リーマン破綻の内幕
今からほぼ1年前の2009年3月下旬。
テレビ東京報道局のプロデューサーAさんがオフィスに訪ねてきました。
Aさんいわく、
『テレビ東京では「ルビコンの決断」という経済ドキュメンタリー・ドラマを新しく始めます。女優の木村佳乃さんが経済報道番組に初めてレギュラー出演します。シリーズ2回目の放送ではリーマン破綻を扱ったドラマを放映する予定。そこにゲスト出演して頂けませんか』
とのことでした。
私がリーマンに勤めていたのは2003年までで、当時でさえ辞めてから6年も経っていました。

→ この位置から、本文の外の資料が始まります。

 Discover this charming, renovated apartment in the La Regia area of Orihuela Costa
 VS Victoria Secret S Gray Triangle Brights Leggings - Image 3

『私よりももっと適任者がいると思います。例えば日本法人の社長だった桂木さんにお願いしてみたらどうですか』
『実は岩崎さんにお願いに来る前に桂木さんに出演の依頼をしました。しかし桂木さんには「日本法人の民事再生手続きがまだ全て完了したわけではない」、ということで断られました』
『私がお断りしたらどうするのですか』
『かつてリーマンに在籍していたBさんにお願いするつもりです』
Bさんが出演するとなると番組は偏ったものになるかもしれない・・・。それでなくても当時のマスコミでは、「世界を潰したのは強欲な投資銀行だ」とか「リーマンは二流だから最近特に焦って危ないビジネスを手がけて失敗した」といった、ある一面だけを強調した、表面的で単純な論調が盛んでした。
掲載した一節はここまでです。